Однако эта ситуация длилась недолго. Неординарный здравый смысл короля и его глубокое понимание величия, нравственное достоинство и притягательность мистера Черчилля, серьезная угроза для нации и Содружества, с которой они оба столкнулись в руководстве государством, способствовали тому тесному сотрудничеству, которое быстро переросло во взаимную привязанность и восхищение друг другом. Прошло совсем немного времени, и король уже с приятным предвкушением ожидал аудиенции с премьер-министром. Он находил в них плодотворные возможности для совместного снятия душевного напряжения, и к сентябрю официальные аудиенции были заменены регулярными ланчами по вторникам, на которых король и его премьер-министр, самостоятельно накладывая еду на тарелки с сервировочного столика, могли спокойно заниматься государственными делами, если только им не мешали случайные воздушные налеты. «Как убежденный сторонник конституционной монархии, – писал мистер Черчилль, – я высоко ценил ту любезную обходительность, с которой ко мне относились как к первому министру, чему, как я полагаю, не имелось прецедента со времен королевы Анны и Мальборо в годы его влияния».
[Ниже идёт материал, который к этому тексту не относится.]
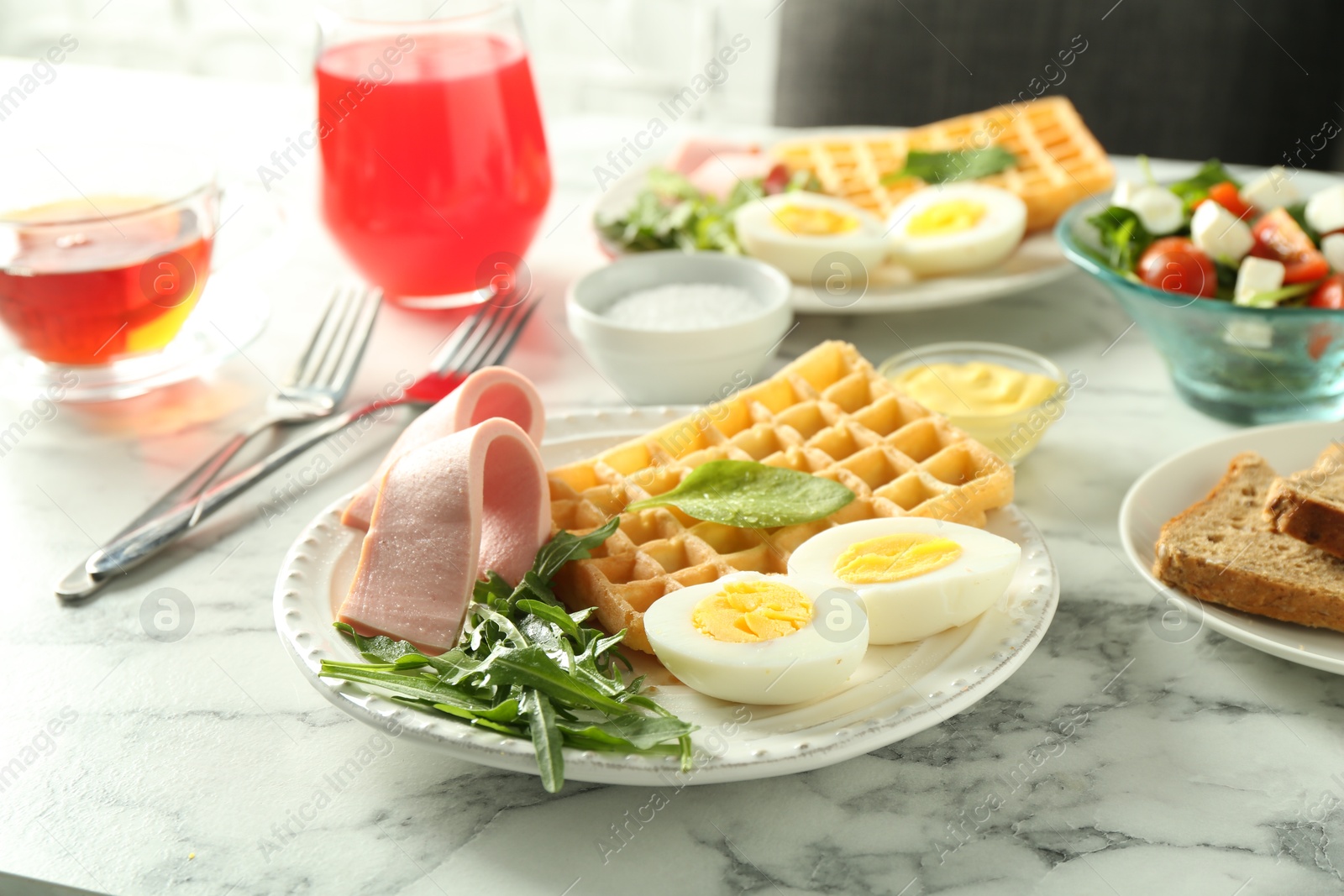 Photo of Tasty brunch. Boiled egg, Belgian waffle, arugula and ham on white marble table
К Новому году отношения между государем и министром прошли первое испытание. «Лучшего премьер-министра мне не найти», – записал король в своем дневнике.
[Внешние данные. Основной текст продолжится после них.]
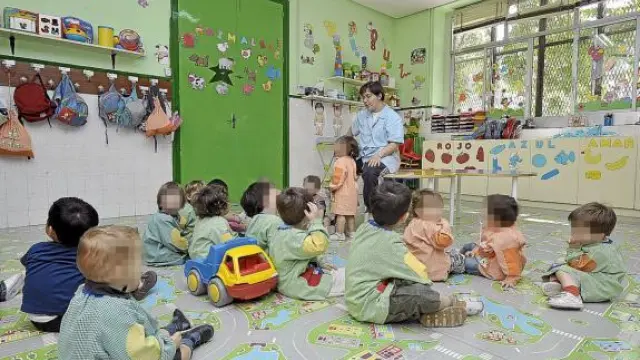 Un grupo de niños atienden a su profesora en una guardería de Zaragoza.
Глава 6Решающая борьбаМай 1940 – июнь 1941

I

Под давлением обстоятельств и сильных личностных качеств судьба распорядилась так, чтобы с момента первых бедствий в мае 1940 года до окончательного триумфа в мае 1945 года мистер Уинстон Черчилль занимал центральное место на национальной сцене Великобритании, и позже, вместе с президентом Рузвельтом и маршалом Сталиным, доминировал на международной арене. В той войне, что разразилась тогда в мире, бесстрашие, смелость в принятии решений и стойкость одного человека были необходимы для выживания всей Британии, один человек, чьему руководству британский народ мог безоговорочно доверять, чье вдохновение могло разжечь их собственное упорное сопротивление и чей гений мог объяснить заложенный в них скрытый смысл. Как скромно выразился сам мистер Черчилль: «Именно нация и народ, населяющие весь земной шар, обладали львиным сердцем. Мне посчастливилось быть призванным издать львиный рев». То, что он должен исполнить эту роль, было неотвратимо. Этот Человек и это Время встретились, и мистер Черчилль стал хозяином положения.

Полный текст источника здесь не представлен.